BEGIN Records supplied
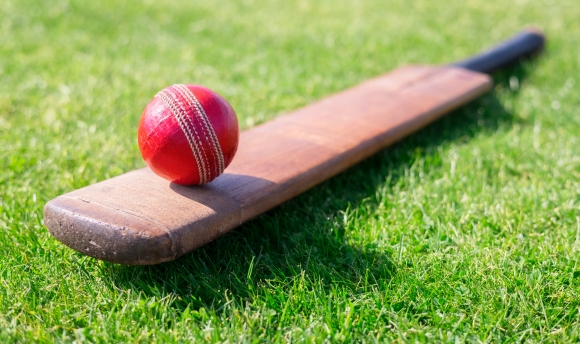 Cricket bat and ball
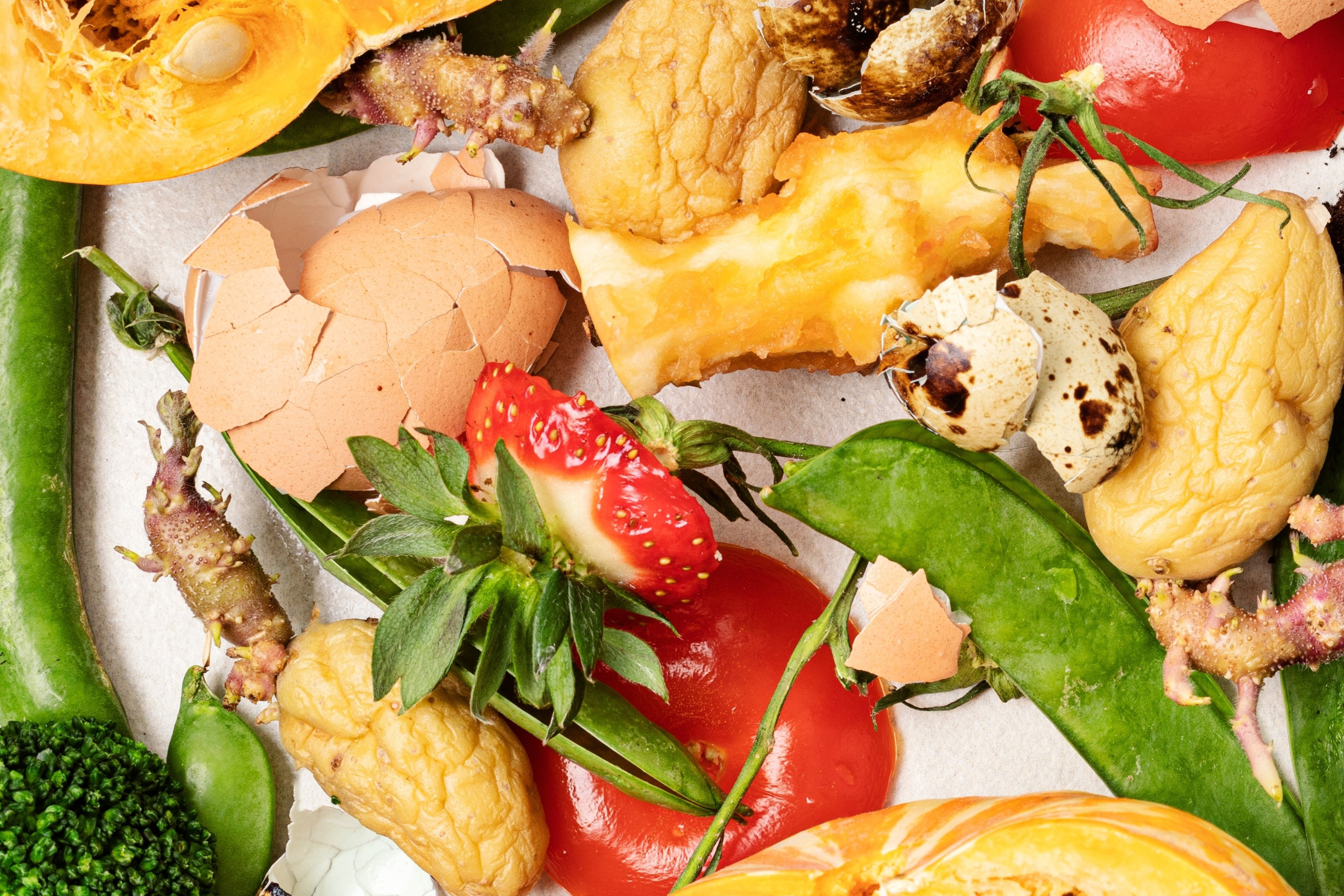 fruits and veggies in a compost bin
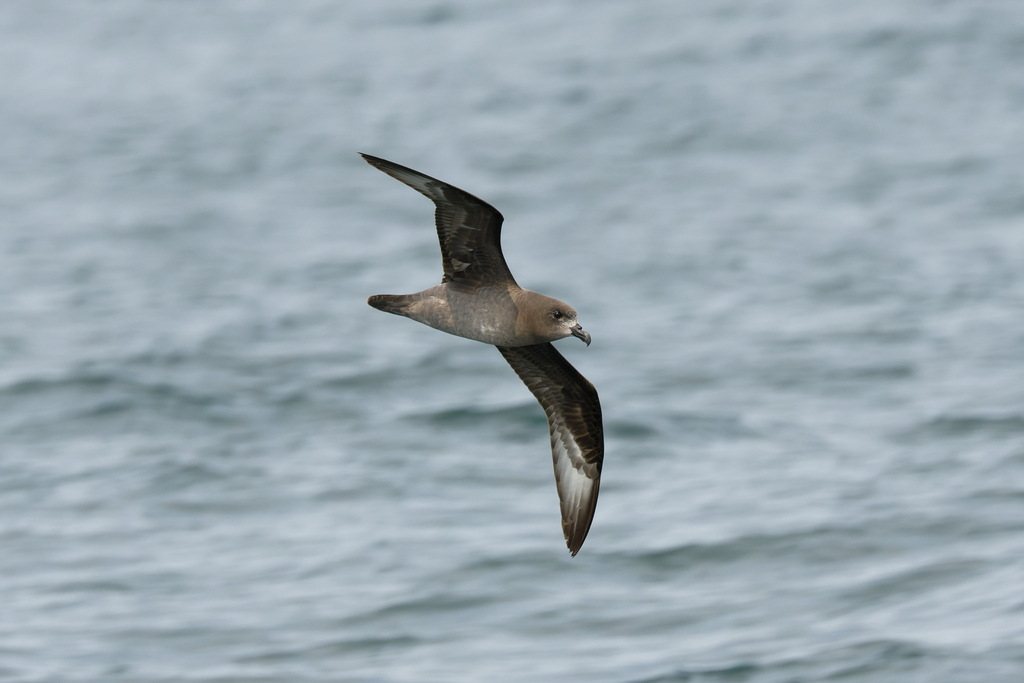 Providence Petrel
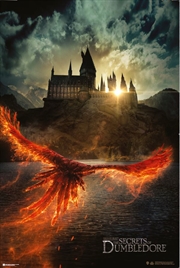 Buy Fantastic Beasts : The Secrets of Dumbledore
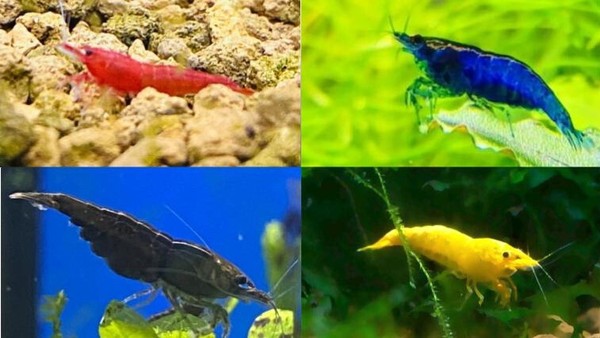 10x GAMBA NEOCARIDINA RED SAKURA, BLUE VELVET, BLACK SAKURA Y YELLOW NEON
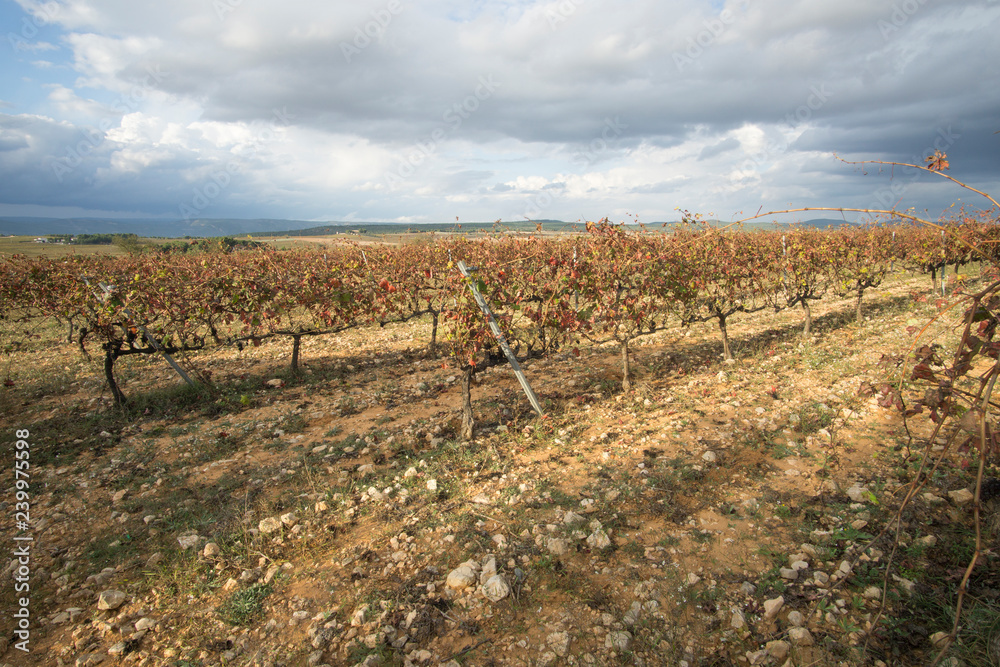 Autumn Vineyards and cellars in Fontanars dels Alforins and Moixent Valencia province Spain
END Records supplied
§ Task details: Please output the material above again, exactly, and omit every image.

§ Answer below:
 Cricket bat and ball
 fruits and veggies in a compost bin
 Providence Petrel
 Buy Fantastic Beasts : The Secrets of Dumbledore
 10x GAMBA NEOCARIDINA RED SAKURA, BLUE VELVET, BLACK SAKURA Y YELLOW NEON
 Autumn Vineyards and cellars in Fontanars dels Alforins and Moixent Valencia province Spain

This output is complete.